## TRY IT
The answer is one number: how many lines in the data below hold "Picture".

## INFORMATION SHOWN
────────────────────
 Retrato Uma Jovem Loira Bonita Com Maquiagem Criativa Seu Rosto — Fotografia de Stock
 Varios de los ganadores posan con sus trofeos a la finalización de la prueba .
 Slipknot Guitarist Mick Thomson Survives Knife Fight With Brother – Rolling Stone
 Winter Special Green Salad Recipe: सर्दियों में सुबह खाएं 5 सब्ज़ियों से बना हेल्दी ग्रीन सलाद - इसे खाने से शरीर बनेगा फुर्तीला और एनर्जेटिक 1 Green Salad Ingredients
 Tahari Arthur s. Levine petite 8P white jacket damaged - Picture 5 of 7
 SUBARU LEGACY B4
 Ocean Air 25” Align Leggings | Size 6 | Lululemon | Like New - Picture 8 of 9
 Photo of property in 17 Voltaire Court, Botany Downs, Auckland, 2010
────────────────────
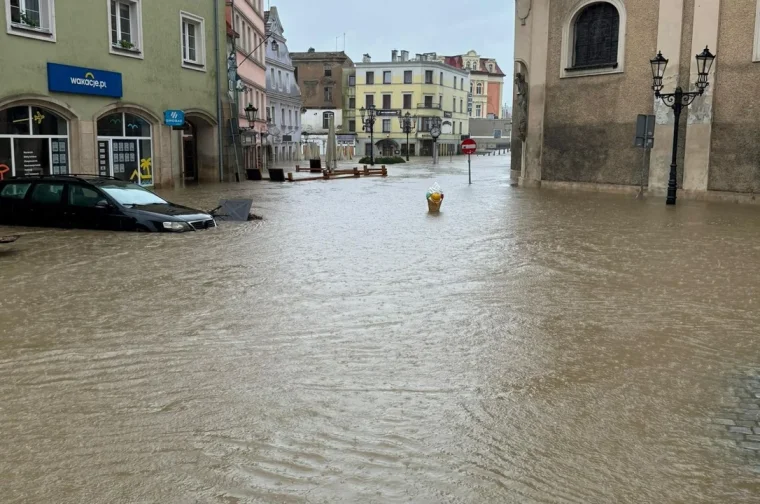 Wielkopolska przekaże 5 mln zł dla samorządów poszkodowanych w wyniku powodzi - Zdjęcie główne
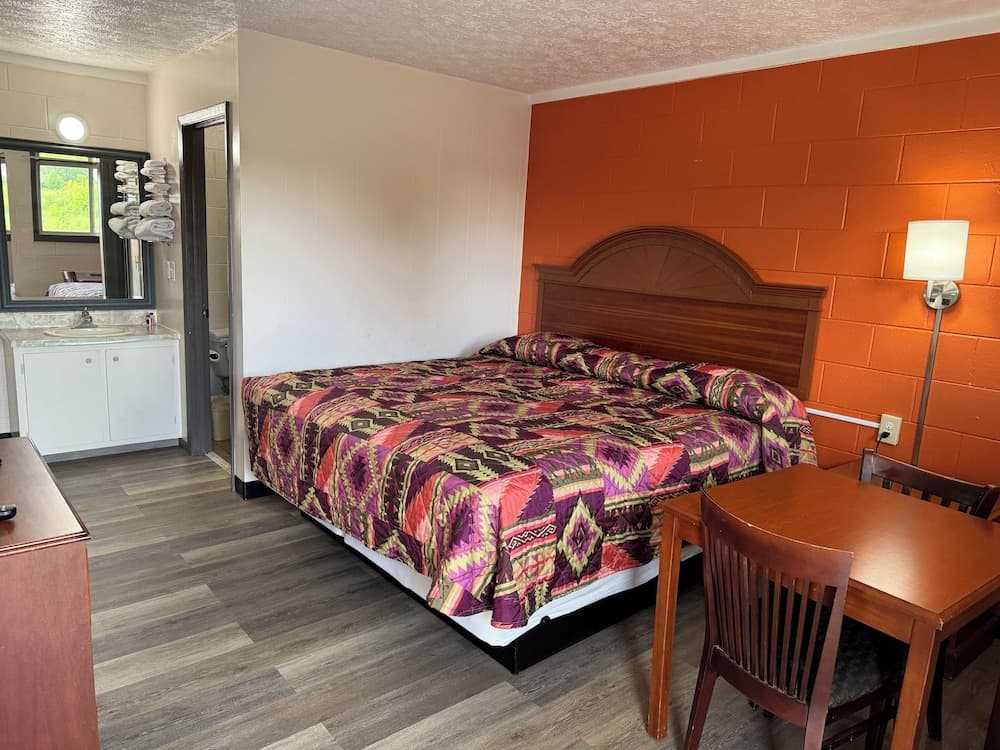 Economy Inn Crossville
────────────────────
## RESULT FOR THIS EXERCISE
2